§ Collected data:
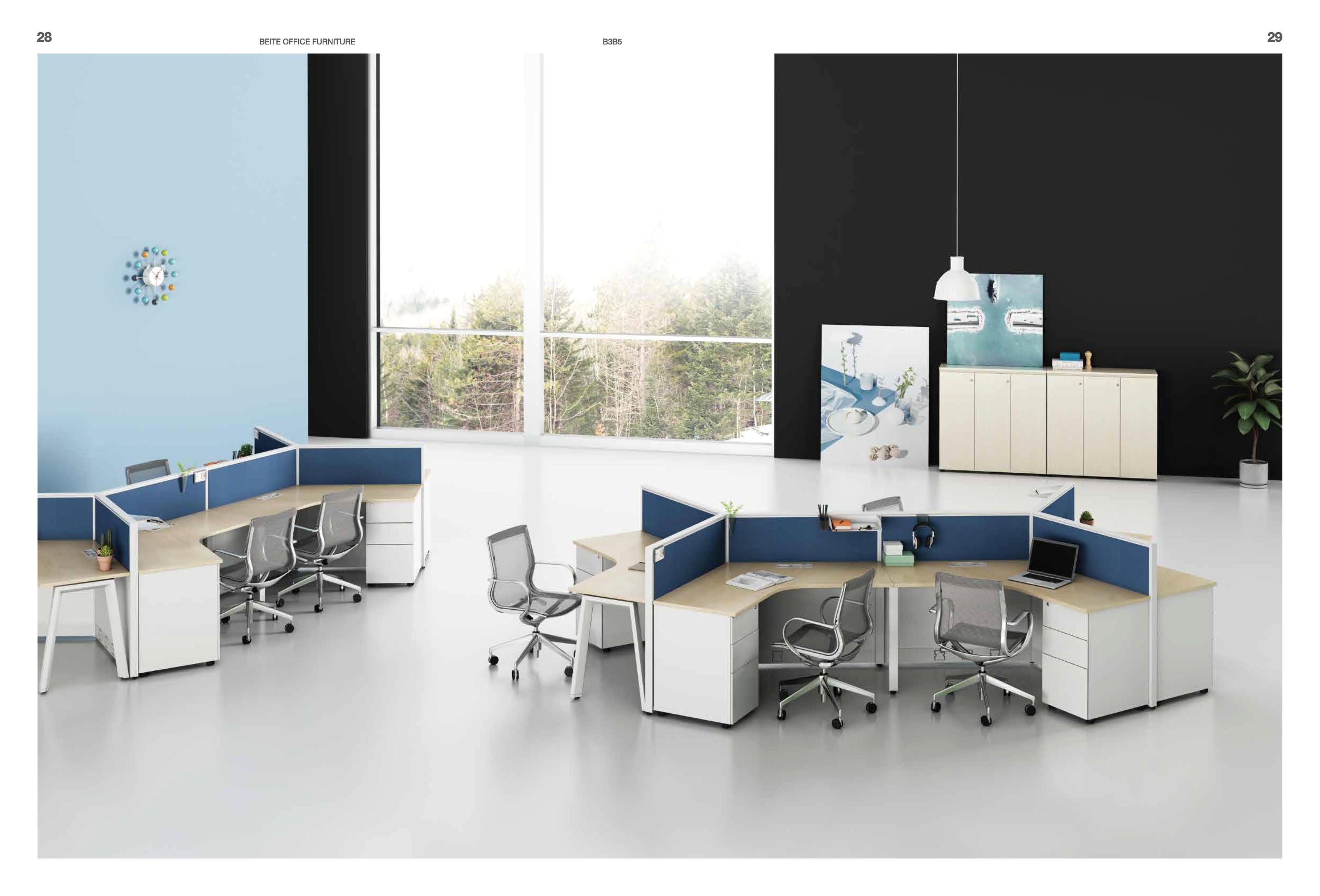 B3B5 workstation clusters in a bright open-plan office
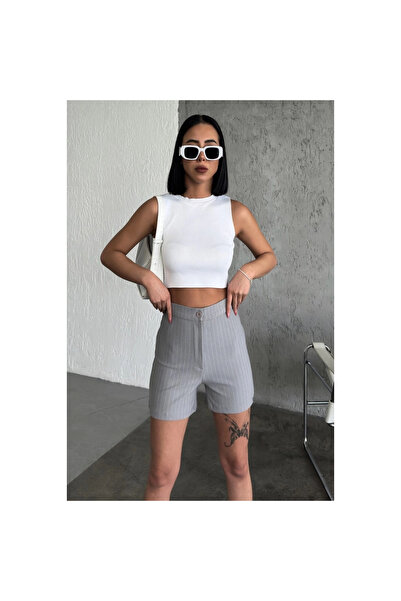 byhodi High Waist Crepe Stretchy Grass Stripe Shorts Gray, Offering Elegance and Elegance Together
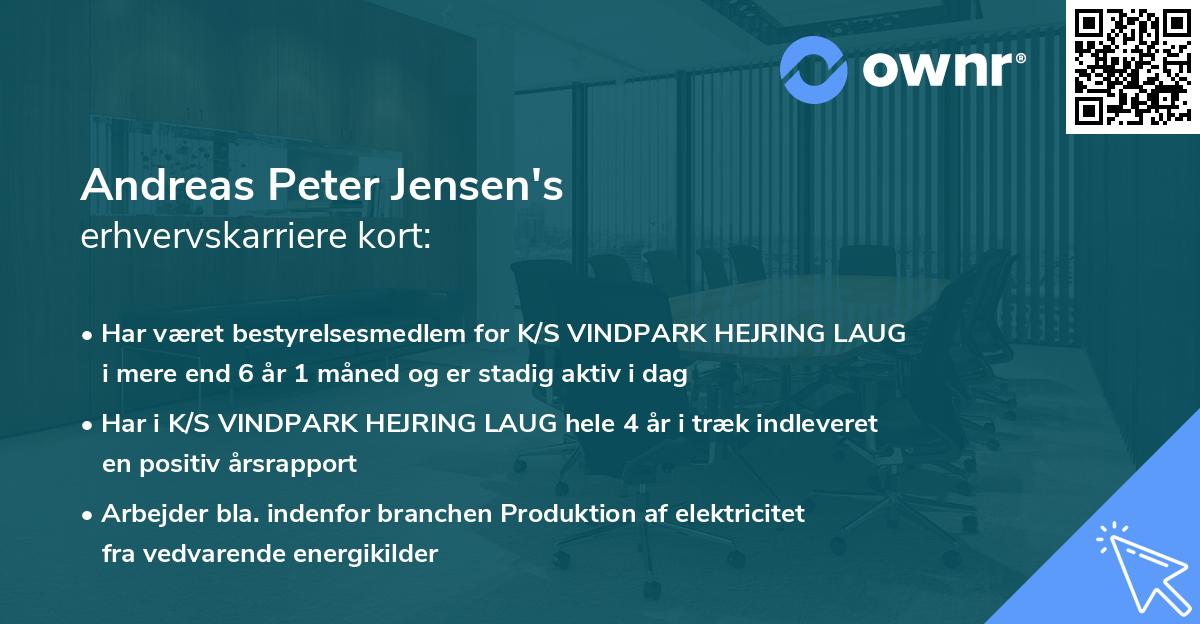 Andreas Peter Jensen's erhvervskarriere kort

§ Activity: Restrict the output to the lines from the one with "byhodi High Waist" through the last line of the material above. Print them exactly, leaving out every picture.

§ Response for this exercise:
 byhodi High Waist Crepe Stretchy Grass Stripe Shorts Gray, Offering Elegance and Elegance Together
 Andreas Peter Jensen's erhvervskarriere kort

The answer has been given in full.